**THE DATA**
_ _ _ _ _ _ _

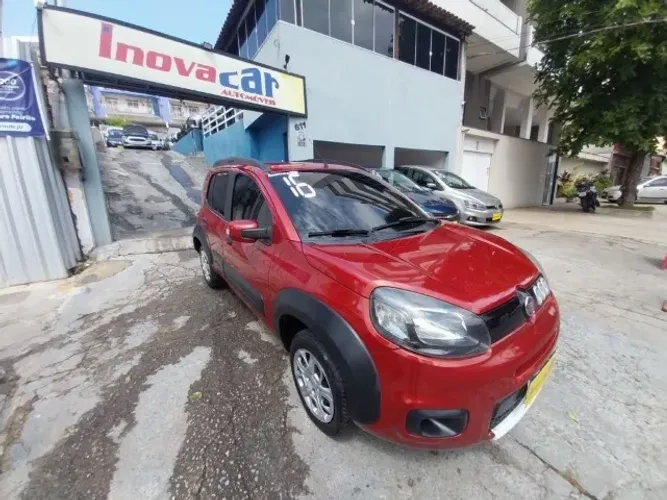 Fiat Uno WAY 1.4 EVO Fire Flex 8V 5P 2016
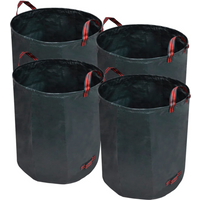 vidaXL | Waste Bag | Dark green 67 x 76 cm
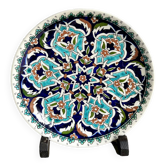 Antique ceramic plate from Türkiye
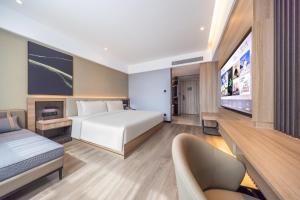 Fotografie z fotogalerie ubytování Atour X Hotel Guangzhou Baiyun Airport Huadong Chaoyang Road v destinaci Huadu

_ _ _ _ _ _ _

**WHAT YOU HAVE TO DO**
Could you retype each line of the material above exactly, skipping the pictures?

**SOLUTION TO THIS EXERCISE**
 Fiat Uno WAY 1.4 EVO Fire Flex 8V 5P 2016
 vidaXL | Waste Bag | Dark green 67 x 76 cm
 Antique ceramic plate from Türkiye
 Fotografie z fotogalerie ubytování Atour X Hotel Guangzhou Baiyun Airport Huadong Chaoyang Road v destinaci Huadu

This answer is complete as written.